Olvidar la pandemia

Queremos olvidar, debemos olvidar el sufrimiento de la pandemia, pero el olvido sin reparación de tanto de lo que estaba y estuvo mal suele convertirse en resentimiento. Y esa es una de las semillas más peligrosas para enterrar en una sociedad

Cinco años de la pandemia: por qué no queremos mirar atrás

Este viernes se cumplen cinco años de la declaración en España del “estado de alarma”, sin duda, una expresión para una figura legal que reflejaba el ánimo colectivo. Es difícil calibrar incluso ahora si era peor el miedo por la incertidumbre entonces o el pánico que habríamos sentido si hubiéramos sabido lo que de verdad se venía encima. 

En los siguientes dos años, sólo en España murieron al menos 120.000 personas por covid, y en todo el mundo, más de cinco millones, aunque la Organización Mundial de la Salud estima que el número puede ser mucho mayor. El “exceso de muertes” entre 2020 y 2021 fue de más de 14 millones de personas, algo así como si desaparecieran todos los habitantes de Portugal y de Irlanda de un plumazo. El nivel de sufrimiento para los que murieron, a menudo entre la angustia y la soledad, y para los que quedaron con pérdidas de salud física y mental sigue siendo tan incalculable como insoportable. 

Si entonces hubiéramos sabido que las restricciones iban a durar dos años -la mascarilla en interiores fue obligatoria hasta abril de 2022- el orden público hubiera estado en peligro. 

Queremos olvidar, debemos olvidar como parte del mecanismo habitual de supervivencia que cuenta Sofía Pérez Mendoza en este interesante reportaje. Pero las marcas visibles e invisibles que ha dejado la pandemia tienen que ver con este mundo tan inestable y peligroso que se nos ha quedado. 

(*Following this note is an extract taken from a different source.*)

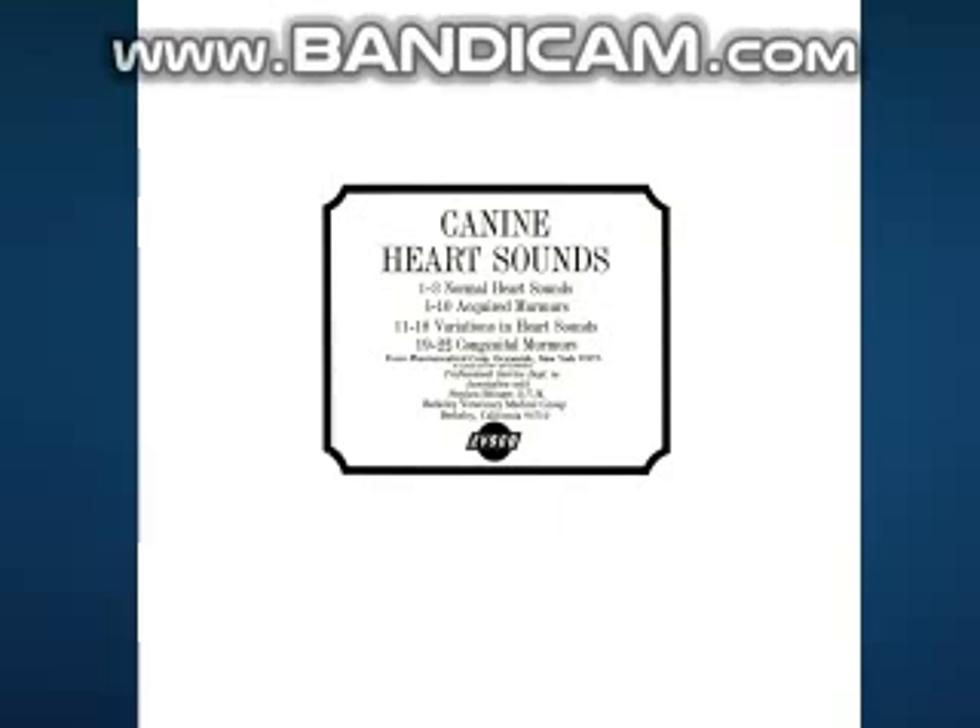In heart failure, the ventricle fails to eject its full complement of blood. When atrial blood flows into an overfilled failing ventricle, the normally inaudible third heart sound is intensified and becomes audible. The second heart sound may be muffled by the loud murmur, and the third sound is intense enough to be confused with the second heart sound.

La soledad, el individualismo, la desigualdad y la desconfianza en las instituciones y hasta en los vecinos son rasgos que se repiten en las sociedades que sufrieron más, como la española y la británica. También quedó para siempre la brecha entre los trabajadores llamados esenciales y a menudo precarios que se jugaban la vida, y los que podían quedarse en casa, sin duda sufriendo, pero jugándose menos por los demás. 

En todo caso, nada comparable al caso más extremo, el de Estados Unidos, donde hubo violencia –hasta asesinatos– por las mascarillas, asaltos contra instituciones y una acumulación obscena de riqueza de unos pocos, entre ellos los hoy oligarcas de la tecnología.

El autoritarismo y la manipulación aprovechando los agravios y la desconexión de muchos de la información han crecido en este caldo de cultivo. Conversando con votantes en Wisconsin o en Michigan justo antes de las elecciones presidenciales, la pandemia no era un asunto que me citaran de primeras, pero, cuando preguntaba, quedaban claras las cicatrices y un sentido de daño e impotencia. Muchos citaban el efecto del cierre de las escuelas, que en la mayoría de Estados Unidos duró más de un año, algo que no pasó, por ejemplo, en España. 

España, y casi diría la mayoría de Europa, está a años luz de lo que estamos viendo en Estados Unidos, pero hay aspectos sobre los que estar alerta. Y lo que pasa ahora no se puede desconectar de lo que estalló hace cinco años.

Los peligros de fondo para la democracia vienen de la escasa o nula rendición de cuentas del Gobierno nacional o los autonómicos, los casos de corrupción y la agresividad contra las víctimas, como la mostrada por la presidenta de la Comunidad de Madrid.

Queremos olvidar, debemos olvidar el sufrimiento de la pandemia, pero el olvido sin reparación de tanto de lo que estaba y estuvo mal suele convertirse en resentimiento. Y esa es una de las semillas más peligrosas para enterrar en una sociedad.